Researchers devised a way to reduce memory requirements when fine-tuning large language models.
What's new: Kai Lv and colleagues at Fudan University proposed low memory optimization (LOMO), a modification of stochastic gradient descent that stores less data than other optimizers during fine-tuning.
Key insight: Optimizers require a lot of memory to store an entire network’s worth of parameters, gradients, activations, and optimizer states. While Adam has overtaken stochastic gradient descent (SGD) for training, SGD remains a popular choice for fine-tuning partly because it requires less memory (since it stores fewer optimizer states). Nonetheless, SGD must store an entire network’s gradients — which, with state-of-the-art models, can amount to tens or hundreds of gigabytes — before it updates the network all at once. Updating the network layer by layer requires storing only one layer’s gradients — a more memory-efficient twist on typical SGD.
How it works: The authors fine-tuned LLaMA on six datasets in SuperGLUE, a benchmark for language understanding and reasoning that includes tasks such as answering multiple-choice questions.
- The authors modified SGD to compute gradients for one layer and update that layer’s weights before advancing to the next.
- To avoid the potential for exploding or vanishing gradients, in which gradients from later layers either expand or diminish as they backpropagate through the network, LOMO normalized the gradients, scaling them to a predetermined range throughout the network. LOMO used two backward passes: one to compute the magnitude of the gradient for the entire network, and another to scale each layer’s gradient according to the total magnitude and then update its parameters.
Results: LOMO required less memory than popular optimizers and achieved better performance than the popular memory-efficient fine-tuning technique LoRA.

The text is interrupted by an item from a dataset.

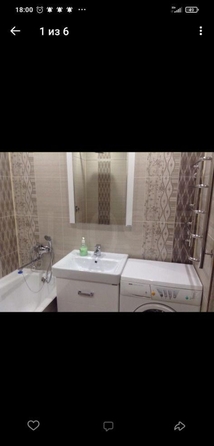 
  Продается 3-комн. квартира, 75.4 м², 79 Гвардейской Дивизии ул, д. 27а
. Фото 24.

- The authors fine-tuned separate instances of LLaMA-7B using LOMO and two popular optimizers, SGD and AdamW (a modified version of Adam). They required 14.6GB, 52.0GB, and 102.2GB of memory respectively. In particular, they all required the same amount of memory to store model parameters (12.55GB) and activations (1.79GB). However, when it came to gradients, LOMO required only 0.24GB while SGD and AdamW each required 12.55GB. The biggest difference was optimizer state memory: LOMO required 0GB, SGD required 25.1GB, and Adam required 75.31GB.

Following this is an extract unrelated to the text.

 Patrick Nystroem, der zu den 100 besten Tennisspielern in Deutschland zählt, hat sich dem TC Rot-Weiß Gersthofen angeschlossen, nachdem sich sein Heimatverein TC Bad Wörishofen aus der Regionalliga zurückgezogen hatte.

- The authors also compared LOMO to LoRA, which works with an optimizer (in this case, AdamW) to learn to change each layer’s weight matrix by a product of two smaller matrices. They performed this comparison with LLaMAs of four sizes on six datasets. LOMO achieved better accuracy in 16 of the 24 cases, and its average accuracy across datasets exceeded LoRA’s at each model size. For example, the 65 billion-parameter LOMO-tuned LLaMA averaged 89.9 percent accuracy, and the 65 billion-parameter LoRA/AdamW-tuned LLaMA averaged 89.0 percent accuracy.
Why it matters: Methods like LoRA save memory by fine-tuning a small number of parameters relative to a network’s total parameter count. However, because it adjusts only a small number of parameters, the performance gain from fine-tuning is less than it could be. LOMO fine-tunes all parameters, maximizing performance gain while reducing memory requirements.
We're thinking: SGD’s hunger for memory is surprising. Many developers will find it helpful to have a memory-efficient alternative.